Ex-militar de Saddam Hussein ajudou a estruturar Estado Islâmico
O autodeclarado califa Abu Bakr al-Baghdadi é por vezes visto como a principal força do Estado Islâmico.
Mas, quanto mais informações são reunidas sobre essa organização, mais se torna evidente que as suas maquinações dependeram de outro personagem: o enigmático Haji Bakr.
Até recentemente sem ter recebido atenção internacional, o ex-militar iraquiano Haji Bakr teve um papel central na estruturação do Estado Islâmico desde que Baghdadi tornou-se o seu líder.
Em especial, esse "senhor das sombras" —como era conhecido entre alguns— incluiu ex-membros do alto escalão do Exército iraquiano nas fileiras do Estado Islâmico, uma decisão que pode ter sido decisiva para a rápida expansão desse seu projeto.
São dezenas de militares que, unidos às multidões de estrangeiros que viajaram à Síria e ao Iraque, em parte explicam a receita dos sucessos dessa organização em comparação com os outros grupos militantes na região.
Foi só depois da morte de Haji Bakr, em janeiro do ano passado, que a sua participação no processo foi destrinchada.
Em especial, depois de a revista alemã "Der Spiegel" ter tido acesso a uma série de documentos encontrados em Tal Rifaat, no norte da Síria, detalhando o planejamento do califado. A reportagem foi publicada em abril de 2015.
PARALELO COM SADDAM
A identidade real de Haji Bakr era Samir Abd Muhammad al-Khlifawi. Os nomes, porém, eram conhecidos apenas em círculos restritos, entre alguns militantes dessa organização terrorista.
O semanário alemão recolheu relatos sobre o ex-militar, descrito por adjetivos que incluíam "educado", "atencioso", "desonesto" e "malicioso". Ele é até hoje uma das figuras mais controvertidas do Estado Islâmico.
Os papéis recolhidos em Tal Rifaat foram importantes especificamente para determinar o papel desempenhado por ex-membros do Exército de Saddam Hussein (1937-2006), ditador deposto e morto após a invasão americana de 2003.
Parte da explicação está nos métodos: há paralelos entre as ações do Estado Islâmico e aquelas do duro regime iraquiano de Hussein.
Haji Bakr viajou à Síria em 2012 para preparar um território fértil ao Estado Islâmico. Ali, estudou o aparato de segurança e infiltrou-se no tecido da sociedade local.

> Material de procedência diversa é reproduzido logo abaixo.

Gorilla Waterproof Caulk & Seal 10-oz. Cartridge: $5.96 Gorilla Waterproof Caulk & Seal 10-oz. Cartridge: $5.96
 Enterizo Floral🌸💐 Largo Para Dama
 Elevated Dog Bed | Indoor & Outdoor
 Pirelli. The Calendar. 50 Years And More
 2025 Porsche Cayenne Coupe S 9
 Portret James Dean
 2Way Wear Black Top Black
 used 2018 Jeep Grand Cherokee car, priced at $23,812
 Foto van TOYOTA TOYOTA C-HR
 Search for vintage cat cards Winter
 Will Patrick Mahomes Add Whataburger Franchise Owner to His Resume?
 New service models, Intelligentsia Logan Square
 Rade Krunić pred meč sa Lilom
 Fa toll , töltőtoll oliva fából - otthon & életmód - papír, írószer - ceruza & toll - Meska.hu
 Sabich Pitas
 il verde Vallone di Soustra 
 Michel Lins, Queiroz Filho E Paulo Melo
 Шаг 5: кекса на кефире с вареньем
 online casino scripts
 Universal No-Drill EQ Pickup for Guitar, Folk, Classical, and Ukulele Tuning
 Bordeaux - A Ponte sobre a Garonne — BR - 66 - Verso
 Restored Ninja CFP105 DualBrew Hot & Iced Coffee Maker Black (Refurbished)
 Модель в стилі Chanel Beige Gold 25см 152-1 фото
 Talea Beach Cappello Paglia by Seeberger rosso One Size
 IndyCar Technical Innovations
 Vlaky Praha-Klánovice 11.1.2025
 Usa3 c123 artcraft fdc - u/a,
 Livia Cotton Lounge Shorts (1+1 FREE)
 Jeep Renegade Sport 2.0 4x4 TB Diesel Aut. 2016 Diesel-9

Documentos mostram, por exemplo, que ele tomou nota de quais eram as famílias influentes da região e quais eram suas fontes de renda. Haji Bakr também teria estudado ali como chantageá-los a partir de suas faltas diante do código religioso do islã.
No processo, ele reproduzia a lição aprendida em sua passagem pelo governo iraquiano: "Ninguém, nem mesmo generais no serviço de inteligência, estava seguro de que não era espionado", segundo o semanário "Der Spiegel".
SEM ALCORÃO
Haji Bakr, diferentemente do autoproclamado califa Baghdadi, é descrito como um homem nacionalista, mais que como um islamista.
Ele teria sofrido um forte baque quando, em 2003, os EUA decidiram dissolver todo o Exército iraquiano —alienando militares bem treinados e influentes que, mais tarde, iriam unir-se a radicais e buscar vingança.
Enquanto assistia ao sucesso de seus planos, com a expansão do Estado Islâmico, Haji Bakr foi morto por rebeldes em janeiro do ano passado, durante embates em território sírio.
Segundo a revista "Der Spiegel", militantes rivais encontraram passaportes, celulares e documentos na casa dele. Mas não havia nenhum Alcorão.